Field of the Disclosure
The present disclosure relates generally to media sheet finishing apparatuses, and, more particularly, to a hole punch system for punching holes through a media sheet, and methods of utilizing the same.
Description of the Related Art
Sheet processing devices are used to perform further processing, such as stapling and punching, on media sheets that have undergone image formation. In recent years, imaging devices have been incorporated with finishers, which include hole punch and/or stapler mechanisms, post stage after image formation in order to apply finishing to imaged media sheets.
One known type of sheet punch mechanism creates holes in a sheet using a rotary punch. With this type of mechanism, holes are punched in the media sheet by advancing the media sheet along a media path while at the same time rotating a punch and a die in the same direction as the media sheet feed direction. Holes are punched through the sheet when both punch and die meet at a common point (the punch point) along the media path while the advanced media sheet is between the punch and die. Accordingly, holes can be punched through the media sheet without stopping the media sheet, allowing higher throughput.
In some existing rotary punch type mechanisms, stepper motors are used as punch motors to rotate both the punch and die because of the simple control configuration of stepper motors. More particularly, due to a stepper motor's nature of rotation by fractional increments or steps, it can be easily driven using open-loop control to provide positioning of the punch and die without requiring any feedback signal. That is, by knowing the speed of the media sheet and the expected time that a desired punch location on the media sheet will reach the punch point within the punch system, one can easily command the stepper motor to run a number of steps at a particular rotational speed that would cause the punch and die to also engage the punch point at the expected time of arrival of the punch location at the punch point.
Unfortunately, open-loop stepper motor control has several drawbacks such as when used in hole punch systems.
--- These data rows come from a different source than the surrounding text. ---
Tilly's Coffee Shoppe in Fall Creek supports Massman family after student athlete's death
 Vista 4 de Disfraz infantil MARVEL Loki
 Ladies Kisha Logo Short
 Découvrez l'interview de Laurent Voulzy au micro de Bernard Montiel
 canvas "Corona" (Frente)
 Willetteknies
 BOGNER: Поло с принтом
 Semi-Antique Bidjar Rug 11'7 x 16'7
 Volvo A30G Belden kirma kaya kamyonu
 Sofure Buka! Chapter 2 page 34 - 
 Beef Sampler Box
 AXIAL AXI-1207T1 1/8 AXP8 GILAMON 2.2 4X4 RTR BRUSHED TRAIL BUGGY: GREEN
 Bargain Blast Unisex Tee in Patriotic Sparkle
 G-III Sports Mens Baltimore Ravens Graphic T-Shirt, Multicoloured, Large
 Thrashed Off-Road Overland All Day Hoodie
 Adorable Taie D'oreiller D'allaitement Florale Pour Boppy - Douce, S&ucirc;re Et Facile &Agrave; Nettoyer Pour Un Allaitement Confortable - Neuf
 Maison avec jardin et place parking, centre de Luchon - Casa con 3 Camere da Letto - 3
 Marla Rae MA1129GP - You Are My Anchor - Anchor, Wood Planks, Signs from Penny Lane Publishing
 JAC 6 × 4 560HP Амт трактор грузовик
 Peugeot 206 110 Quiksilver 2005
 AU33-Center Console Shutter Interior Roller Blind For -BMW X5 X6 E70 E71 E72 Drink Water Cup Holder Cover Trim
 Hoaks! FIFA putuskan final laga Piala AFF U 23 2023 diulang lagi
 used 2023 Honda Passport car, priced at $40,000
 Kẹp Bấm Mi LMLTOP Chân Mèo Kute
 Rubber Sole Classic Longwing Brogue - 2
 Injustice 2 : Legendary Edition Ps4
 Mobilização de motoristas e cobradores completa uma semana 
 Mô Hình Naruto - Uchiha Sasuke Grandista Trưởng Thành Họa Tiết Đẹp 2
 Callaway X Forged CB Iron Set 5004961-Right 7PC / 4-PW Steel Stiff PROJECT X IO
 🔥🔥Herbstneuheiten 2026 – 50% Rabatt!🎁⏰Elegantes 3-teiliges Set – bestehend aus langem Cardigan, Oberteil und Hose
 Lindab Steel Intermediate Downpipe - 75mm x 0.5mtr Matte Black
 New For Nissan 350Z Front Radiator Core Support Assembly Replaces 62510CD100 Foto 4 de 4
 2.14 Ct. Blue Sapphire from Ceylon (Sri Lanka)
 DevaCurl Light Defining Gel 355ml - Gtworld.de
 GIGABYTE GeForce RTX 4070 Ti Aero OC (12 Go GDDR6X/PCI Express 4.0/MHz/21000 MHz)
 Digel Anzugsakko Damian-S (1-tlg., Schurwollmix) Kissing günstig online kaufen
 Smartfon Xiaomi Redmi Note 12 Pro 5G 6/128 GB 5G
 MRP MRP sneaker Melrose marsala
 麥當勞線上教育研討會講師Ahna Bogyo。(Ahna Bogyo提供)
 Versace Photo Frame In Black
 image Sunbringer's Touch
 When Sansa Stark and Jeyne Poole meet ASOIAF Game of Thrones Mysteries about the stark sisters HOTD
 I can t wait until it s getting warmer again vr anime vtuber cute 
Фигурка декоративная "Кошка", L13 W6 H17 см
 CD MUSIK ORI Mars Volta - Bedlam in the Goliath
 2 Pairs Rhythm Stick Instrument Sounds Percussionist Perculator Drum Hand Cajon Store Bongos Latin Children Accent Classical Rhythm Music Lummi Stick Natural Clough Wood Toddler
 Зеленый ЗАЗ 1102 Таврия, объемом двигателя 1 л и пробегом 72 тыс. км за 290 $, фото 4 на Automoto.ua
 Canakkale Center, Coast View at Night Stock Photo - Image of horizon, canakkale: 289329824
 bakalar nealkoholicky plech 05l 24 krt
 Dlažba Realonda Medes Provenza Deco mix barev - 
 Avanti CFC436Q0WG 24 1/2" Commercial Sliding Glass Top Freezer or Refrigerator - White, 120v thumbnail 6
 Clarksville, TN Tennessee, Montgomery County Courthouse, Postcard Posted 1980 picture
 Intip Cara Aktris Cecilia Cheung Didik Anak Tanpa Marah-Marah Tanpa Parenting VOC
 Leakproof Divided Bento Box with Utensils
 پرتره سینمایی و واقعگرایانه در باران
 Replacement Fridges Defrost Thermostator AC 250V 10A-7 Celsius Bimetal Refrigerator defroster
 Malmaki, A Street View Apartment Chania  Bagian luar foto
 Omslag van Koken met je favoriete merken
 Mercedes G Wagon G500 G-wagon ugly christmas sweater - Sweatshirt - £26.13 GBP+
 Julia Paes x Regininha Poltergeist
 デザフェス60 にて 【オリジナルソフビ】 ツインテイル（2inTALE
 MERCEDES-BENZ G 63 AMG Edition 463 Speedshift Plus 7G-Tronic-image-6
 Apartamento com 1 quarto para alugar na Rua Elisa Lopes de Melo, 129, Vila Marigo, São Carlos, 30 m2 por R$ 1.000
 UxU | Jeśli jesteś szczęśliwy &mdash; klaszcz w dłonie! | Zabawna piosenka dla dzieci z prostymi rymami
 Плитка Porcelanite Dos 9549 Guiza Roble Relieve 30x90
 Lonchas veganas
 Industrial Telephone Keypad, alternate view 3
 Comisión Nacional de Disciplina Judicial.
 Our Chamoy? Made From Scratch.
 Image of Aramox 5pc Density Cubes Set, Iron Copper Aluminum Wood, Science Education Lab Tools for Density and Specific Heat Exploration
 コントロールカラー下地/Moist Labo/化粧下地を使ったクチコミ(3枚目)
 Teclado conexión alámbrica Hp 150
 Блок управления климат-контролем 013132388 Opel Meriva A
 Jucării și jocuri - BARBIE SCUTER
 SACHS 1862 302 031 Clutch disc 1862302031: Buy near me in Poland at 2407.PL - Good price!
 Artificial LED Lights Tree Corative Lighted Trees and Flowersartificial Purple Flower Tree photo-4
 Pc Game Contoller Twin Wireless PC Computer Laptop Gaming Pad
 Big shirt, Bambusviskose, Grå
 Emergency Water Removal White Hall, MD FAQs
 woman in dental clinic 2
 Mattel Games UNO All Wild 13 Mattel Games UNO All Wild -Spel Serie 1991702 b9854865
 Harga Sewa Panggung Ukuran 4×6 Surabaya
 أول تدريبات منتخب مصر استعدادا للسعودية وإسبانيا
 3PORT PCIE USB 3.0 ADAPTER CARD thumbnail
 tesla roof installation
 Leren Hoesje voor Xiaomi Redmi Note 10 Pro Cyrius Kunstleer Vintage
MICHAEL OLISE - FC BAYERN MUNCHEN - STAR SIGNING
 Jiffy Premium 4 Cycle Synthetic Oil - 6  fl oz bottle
In terms of cost, systems utilizing stepper motors are generally expensive. In terms of reliability, hole punch systems utilizing open-loop stepper motor control cannot compensate for any disturbance of or correct any error in the system. For example, punch systems have varying loads (e.g., different media types, speeds, etc.) and position and/or speed control of the stepper motor can be lost if a specific media type slows the rotational speed of the rotary punch from what is being commanded. Since open-loop motor control does not use sensors to determine actual speed or rotational position, the system cannot determine errors in punch speed and position and, thus, cannot perform compensations if any form of disturbance occurs. This often results in drift and incorrect hole positions which compromises hole quality. In order to ensure that the stepper motor would not stall over the range of the expected load, a torque margin is necessary which in turn results to more power consumption by the system. In another example, stepper motors operate at relatively low speeds and, typically, need to be parked at a home position occasionally (or after every punch) to set up the punch properly for the next hole. This prevents hole punching at high process speeds and affects flexibility in hole placement along the edge of the media for varying media sheet sizes. Moreover, if there are changes in the operating parameters of the imaging system, stepper motors may need to be re-qualified to ensure reliable operation with the new operating parameters.
It would be desirable to have a cost effective and reliable hole punch system that avoids the aforementioned drawbacks.